Under the direction of Donovan Marley, the DCTC has come of age. Members of the DCTC actually make a decent living in the mile-high city. They own homes, keep their kids in school, and still get out to do the odd gig in movies, commercials, or New York theater in the off-season.
The award comes at a good time. The Tony was recommended by the American Theatre Critics Association. Coincidentally, ATCA meets this week in Denver for its annual confab, and knowing for more than a year that the critics were coming, almost the entire Denver theater community has decked itself out in its Sunday finery.

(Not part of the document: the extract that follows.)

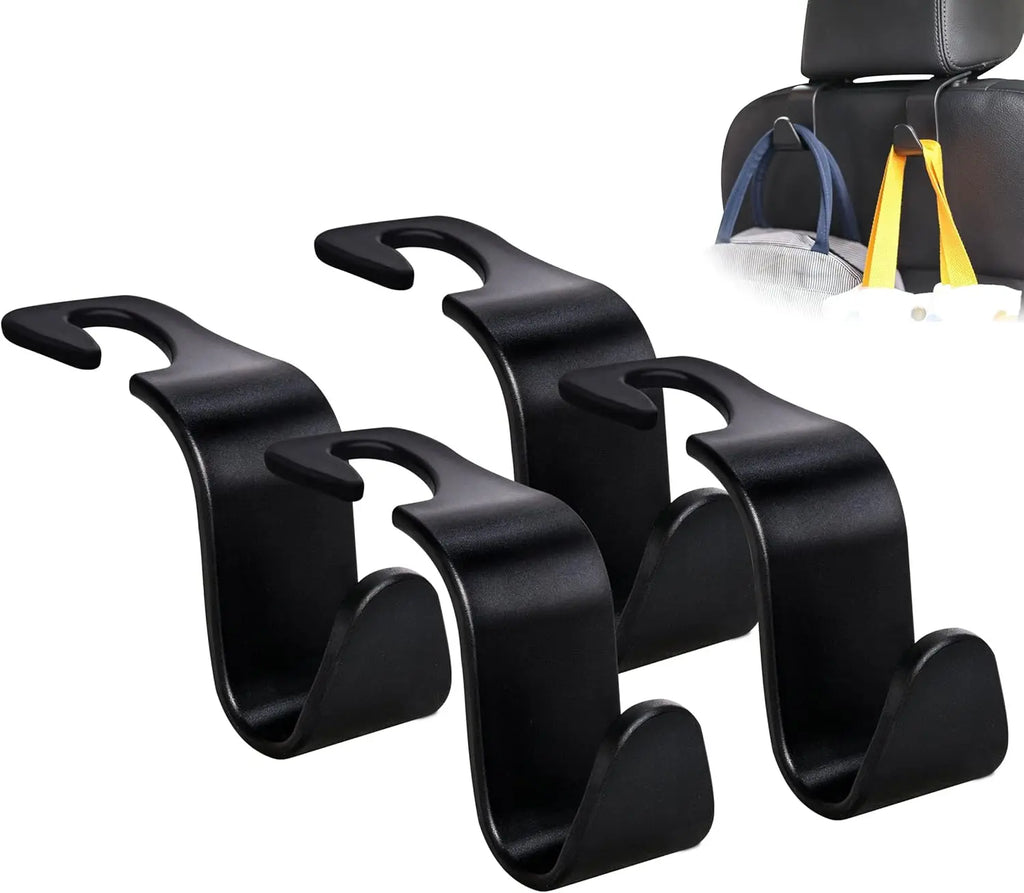 2/4Pcs Car Headrest Hooks Hanger for Bags Seat Back Organizer Holder Clips Auto Fastener Hooks Car Storage Interior Accessories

Three world premires greet the critics at the DCTC's stages in the Denver Performing Arts Complex: Taking Leave, a play by award-winning playwright Nagle Jackson; Life Is a Dream, an adaptation by the 17th-century Spanish master Pedro Caldern de la Barca; and an experimental transmutation of Cervantes's Don Quixote, by Polish director Pavel Dobrusky.

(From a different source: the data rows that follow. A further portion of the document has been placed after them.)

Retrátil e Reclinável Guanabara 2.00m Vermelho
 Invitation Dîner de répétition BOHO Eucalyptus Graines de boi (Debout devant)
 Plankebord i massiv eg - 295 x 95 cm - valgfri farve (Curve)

The three plays are thematically linked, though vastly different in style and intent. All three deal with the ephemeral nature of reality, distinguishing between what is real and what is imagined. What may seem normal to one person may seem mad to another.
"Taking Leave" is based on the playwright's own experience as caregiver to his aging mother. The three daughters of an ailing professor meet in his home to decide what to do for (or with) him. One sister wants to find a good nursing home, one refuses to believe he needs that much care, and the third offers a unique solution.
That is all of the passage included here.